April 15, 2009
DATA FORMAT CHANGE NOTIFICATION: RIB DUMP FILE FORMAT
We have been migrating to MRT TABLE DUMP V2 format for RIB files. This has been occuring as we have been updating hardware and software on the collectors. Data handlers may need to update their tools to accomodate the use of this format. The RIS libbgpdump tools should be sufficient in most cases.

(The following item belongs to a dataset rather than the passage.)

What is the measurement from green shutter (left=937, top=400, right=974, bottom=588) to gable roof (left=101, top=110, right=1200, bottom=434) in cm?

The following collectors now utilize this format:
- route-views2.routeviews.org
- route-views4.routeviews.org
- route-views6.routeviews.org
Ultimately, all of the Route Views collectors will be transitioned to this format. The newer tools are capable of reading both old and new format files. Collectors still operating with the older format are:
- route-views.paix.routeviews.org
- route-views.eqix.routeviews.org
- route-views.wide.routeviews.org
- route-views.kixp.routeviews.org
One file of particular interest has been the historical route-views ASCII file. This was a “show ip bgp” screen dump from the original route-views router up until April of 2008. Between then and now it has been derived from converting the route-views2 collector RIB files. As of April 2009, this file will exhibit information derived from the RIB DUMP V2 format files that are now on the route-views2 collector. Typically, the location of this file looks like: ftp://archive.routeviews.org/oix-route-views/2009.04/oix-full-snapshot-latest.dat.bz2
It should be noted that the recommended procedures for handling RIB files is to download them and process them using the various MRT tools. The ASCII conversions are provided merely as a convenience for historical continuity, and are likely to be discontinued at some point. For more information regarding this format, see the following references:
- http://www.quagga.net/download/quagga-0.99.11.tar.gz
- http://www.ris.ripe.net/source/libbgpdump-1.4.99.11.tar.gz
- http://tools.ietf.org/html/draft-ietf-grow-mrt-09
For example, the “bgpdump” tool in the libbgpdump library can output an ASCII dump of the RIB files in mode 0 (default), mode 1 (-m), and mode 2 (-M). One of these modes should be sufficient for matching ASCII formats of earlier data if required.